What to work on
In the entries below, the lines from the one with "Tasse Edelstahl doppelwandig, matt" through the one with "Canada Dry Bold" are to be copied exactly; both ends count.

Record excerpts
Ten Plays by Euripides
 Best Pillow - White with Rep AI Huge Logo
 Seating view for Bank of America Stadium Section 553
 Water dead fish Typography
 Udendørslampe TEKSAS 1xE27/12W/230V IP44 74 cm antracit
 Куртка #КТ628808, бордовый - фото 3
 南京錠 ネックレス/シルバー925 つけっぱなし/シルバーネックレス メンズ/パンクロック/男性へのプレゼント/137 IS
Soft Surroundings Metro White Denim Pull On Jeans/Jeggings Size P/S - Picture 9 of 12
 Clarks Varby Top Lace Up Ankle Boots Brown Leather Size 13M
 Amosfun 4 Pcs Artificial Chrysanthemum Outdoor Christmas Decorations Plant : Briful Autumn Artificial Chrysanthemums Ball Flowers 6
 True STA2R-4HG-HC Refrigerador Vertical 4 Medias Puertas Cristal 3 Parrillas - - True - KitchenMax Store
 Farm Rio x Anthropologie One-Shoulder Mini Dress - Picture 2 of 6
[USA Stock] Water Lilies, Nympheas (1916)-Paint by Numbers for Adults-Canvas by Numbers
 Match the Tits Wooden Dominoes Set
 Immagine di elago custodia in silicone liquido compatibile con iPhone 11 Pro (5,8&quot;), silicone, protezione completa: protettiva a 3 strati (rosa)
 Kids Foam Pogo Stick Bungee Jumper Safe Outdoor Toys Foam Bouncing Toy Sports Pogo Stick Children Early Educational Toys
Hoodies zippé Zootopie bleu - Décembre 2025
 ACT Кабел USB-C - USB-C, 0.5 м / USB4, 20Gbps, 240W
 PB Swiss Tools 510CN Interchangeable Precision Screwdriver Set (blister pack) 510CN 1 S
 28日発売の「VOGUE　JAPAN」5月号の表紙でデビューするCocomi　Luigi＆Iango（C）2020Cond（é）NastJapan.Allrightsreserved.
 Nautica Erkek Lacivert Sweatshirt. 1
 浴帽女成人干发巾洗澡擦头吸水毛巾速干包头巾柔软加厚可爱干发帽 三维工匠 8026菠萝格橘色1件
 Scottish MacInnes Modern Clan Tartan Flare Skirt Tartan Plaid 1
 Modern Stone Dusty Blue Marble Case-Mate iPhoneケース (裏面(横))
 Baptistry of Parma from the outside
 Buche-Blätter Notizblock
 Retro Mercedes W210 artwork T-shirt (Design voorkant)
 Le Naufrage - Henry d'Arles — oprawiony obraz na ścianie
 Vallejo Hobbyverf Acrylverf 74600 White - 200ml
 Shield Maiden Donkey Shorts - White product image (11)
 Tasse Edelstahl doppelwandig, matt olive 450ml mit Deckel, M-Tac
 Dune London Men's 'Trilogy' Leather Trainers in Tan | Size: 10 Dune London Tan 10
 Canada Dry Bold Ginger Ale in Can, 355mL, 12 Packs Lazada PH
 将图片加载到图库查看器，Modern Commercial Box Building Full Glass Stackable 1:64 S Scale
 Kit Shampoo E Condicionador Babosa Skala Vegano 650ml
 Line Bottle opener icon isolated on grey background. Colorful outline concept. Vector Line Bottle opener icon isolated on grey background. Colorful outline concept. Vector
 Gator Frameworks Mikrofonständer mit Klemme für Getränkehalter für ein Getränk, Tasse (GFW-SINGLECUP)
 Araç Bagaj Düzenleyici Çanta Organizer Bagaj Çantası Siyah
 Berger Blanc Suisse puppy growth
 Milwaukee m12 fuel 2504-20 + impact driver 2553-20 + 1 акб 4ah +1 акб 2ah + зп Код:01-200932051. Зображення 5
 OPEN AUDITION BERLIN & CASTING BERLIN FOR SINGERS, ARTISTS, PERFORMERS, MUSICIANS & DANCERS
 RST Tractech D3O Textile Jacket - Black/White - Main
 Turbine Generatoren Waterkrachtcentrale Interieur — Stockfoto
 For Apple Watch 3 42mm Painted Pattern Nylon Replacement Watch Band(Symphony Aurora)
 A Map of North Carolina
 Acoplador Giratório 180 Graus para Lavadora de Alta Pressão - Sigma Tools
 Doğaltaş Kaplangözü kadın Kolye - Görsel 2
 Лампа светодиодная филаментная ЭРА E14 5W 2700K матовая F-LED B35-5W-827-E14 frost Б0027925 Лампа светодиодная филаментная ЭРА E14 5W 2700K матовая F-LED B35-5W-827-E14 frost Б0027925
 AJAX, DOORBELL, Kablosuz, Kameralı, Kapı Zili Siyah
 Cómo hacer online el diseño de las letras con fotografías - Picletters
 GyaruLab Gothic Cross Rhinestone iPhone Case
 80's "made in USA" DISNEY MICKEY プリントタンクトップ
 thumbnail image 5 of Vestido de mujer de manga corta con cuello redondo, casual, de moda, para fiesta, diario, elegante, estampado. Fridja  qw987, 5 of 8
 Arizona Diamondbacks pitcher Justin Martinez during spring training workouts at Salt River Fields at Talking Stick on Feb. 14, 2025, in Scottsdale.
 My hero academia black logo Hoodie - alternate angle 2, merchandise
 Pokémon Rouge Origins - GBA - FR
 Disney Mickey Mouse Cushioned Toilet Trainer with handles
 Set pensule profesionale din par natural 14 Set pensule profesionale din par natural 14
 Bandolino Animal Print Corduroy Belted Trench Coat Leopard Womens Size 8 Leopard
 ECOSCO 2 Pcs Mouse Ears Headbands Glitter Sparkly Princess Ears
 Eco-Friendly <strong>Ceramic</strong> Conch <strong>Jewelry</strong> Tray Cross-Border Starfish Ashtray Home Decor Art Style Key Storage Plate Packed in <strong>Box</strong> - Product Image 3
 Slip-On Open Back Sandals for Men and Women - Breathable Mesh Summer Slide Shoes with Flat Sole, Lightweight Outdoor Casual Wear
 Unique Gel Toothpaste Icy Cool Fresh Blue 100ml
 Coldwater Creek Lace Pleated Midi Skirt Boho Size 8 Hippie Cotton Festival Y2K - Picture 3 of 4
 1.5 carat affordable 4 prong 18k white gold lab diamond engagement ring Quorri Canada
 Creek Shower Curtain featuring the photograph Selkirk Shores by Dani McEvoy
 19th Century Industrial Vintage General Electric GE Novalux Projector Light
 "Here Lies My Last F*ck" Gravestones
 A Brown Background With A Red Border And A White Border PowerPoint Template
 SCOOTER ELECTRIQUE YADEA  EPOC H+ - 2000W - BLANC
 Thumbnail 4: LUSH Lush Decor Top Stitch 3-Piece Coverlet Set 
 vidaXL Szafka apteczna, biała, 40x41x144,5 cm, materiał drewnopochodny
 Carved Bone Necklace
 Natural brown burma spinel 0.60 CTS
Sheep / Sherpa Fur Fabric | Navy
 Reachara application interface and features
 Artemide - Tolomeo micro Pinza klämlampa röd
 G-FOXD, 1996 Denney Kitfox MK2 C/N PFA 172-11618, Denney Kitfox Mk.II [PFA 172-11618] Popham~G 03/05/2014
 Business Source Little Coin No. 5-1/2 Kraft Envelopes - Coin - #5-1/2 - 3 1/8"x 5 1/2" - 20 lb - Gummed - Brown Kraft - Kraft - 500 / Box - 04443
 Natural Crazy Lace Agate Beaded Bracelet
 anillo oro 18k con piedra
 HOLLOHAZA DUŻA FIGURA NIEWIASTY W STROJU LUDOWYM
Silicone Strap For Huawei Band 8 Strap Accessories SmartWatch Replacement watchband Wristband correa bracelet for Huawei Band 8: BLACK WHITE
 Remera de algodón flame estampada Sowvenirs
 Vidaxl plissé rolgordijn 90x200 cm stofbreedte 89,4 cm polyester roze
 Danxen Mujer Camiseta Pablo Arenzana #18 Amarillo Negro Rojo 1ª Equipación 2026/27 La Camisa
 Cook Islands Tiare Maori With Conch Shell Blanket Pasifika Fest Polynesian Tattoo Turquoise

Your solution
 Tasse Edelstahl doppelwandig, matt olive 450ml mit Deckel, M-Tac
 Dune London Men's 'Trilogy' Leather Trainers in Tan | Size: 10 Dune London Tan 10
 Canada Dry Bold Ginger Ale in Can, 355mL, 12 Packs Lazada PH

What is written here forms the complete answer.